Can you share a little bit about yourself and the background of Half Baked Harvest?
Sure! My mom and I started HBH in 2012…I had just finished High School, where I also received my Associate’s Degree. We figured that there was a lot for both of us to learn in starting a food blog, so why not give it a try..who cares if only 5 people read it. Now here we are 8 years later. I am one of seven kids, and I began cooking for my family in an attempt to reign in some of the chaos of my large family (it didn’t work!). I’ve now written two books, one a New York Times Bestseller, just completed my first product line, and have some really fun projects in the works. It’s crazy to see how far we have come!
You renovated an old horse barn to use as your Half Baked Harvest studio space; how long did that process take?
Renovating the horse barn took about a year. I worked and lived out of that barn for about 2 years before outgrowing it. We then took on the huge undertaking of building the HBH Studio Barn. This took over 2 years to complete. I now solely live in the little renovated horse barn, and I solely work in the HBH Studio Barn.
What are some of the standout features of the kitchen space and why were they important to you to include?
I love the giant island in the kitchen. It gives me so much versatility in working. I have a prep sink at the end of the island, and a larger, main sink, across from the island. Having two sinks is key. I love all the work space I have here.
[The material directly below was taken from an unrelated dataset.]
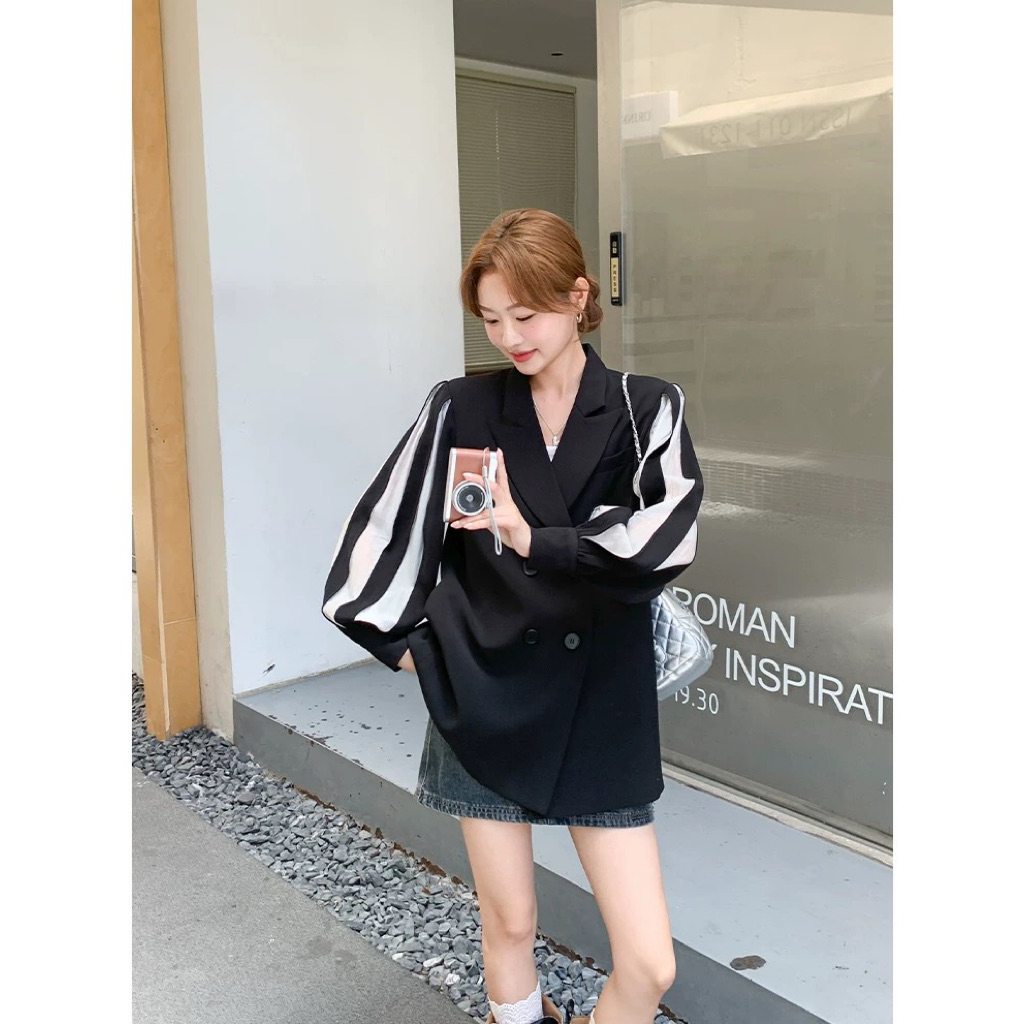 E521 สูทเบเซอร์แขนริ้วขาว สุดเก๋ งานจริงสวยมาก พร้อมส่ง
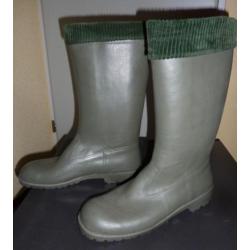 Gevoerde rubber laarzen groen maat 46 NIEUW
You have called the kitchen the most important room in the studio, and expressed the difficulty in getting the kitchen plan just right. What were some of the challenges faced in creating the perfect studio kitchen?
The main difficulties we had in getting the kitchen plan just right mainly stemmed from the building aspect. Finding quality people was very difficult, and working with the county was a challenge as well. Those were our biggest difficulties. But beyond that, some of the things we added to after completion, to get just right, were proper track lighting and more electrical outlets. We also added a sink in the pantry.
You used Waterstone’s Traditional Positive Lock Pulldown (PLP) faucets in the kitchen and the Annapolis faucets in the pantry and bathroom. What drew you to those styles? Which finish was used and why that choice?
As soon as Waterstone was brought to our attention by the two designers we worked with at Park and Oak we fell in love. I love the classic style of the faucets we chose, each one is almost like a piece of art. They’re not only beautiful, they’re highly functional. And they’re made with quality materials and manufactured right here in the USA.. I love that! We chose the Classic Bronze finish for the prep sink and main sink. They present a very vintage, yet fresh tone. In the pantry, we went with the Annapolis Kitchen Faucet in Black Nickel. And we have 3 Annapolis Bar Faucets in Solid Brass in the huge trough sink in the downstairs bathroom. I love their old world feel.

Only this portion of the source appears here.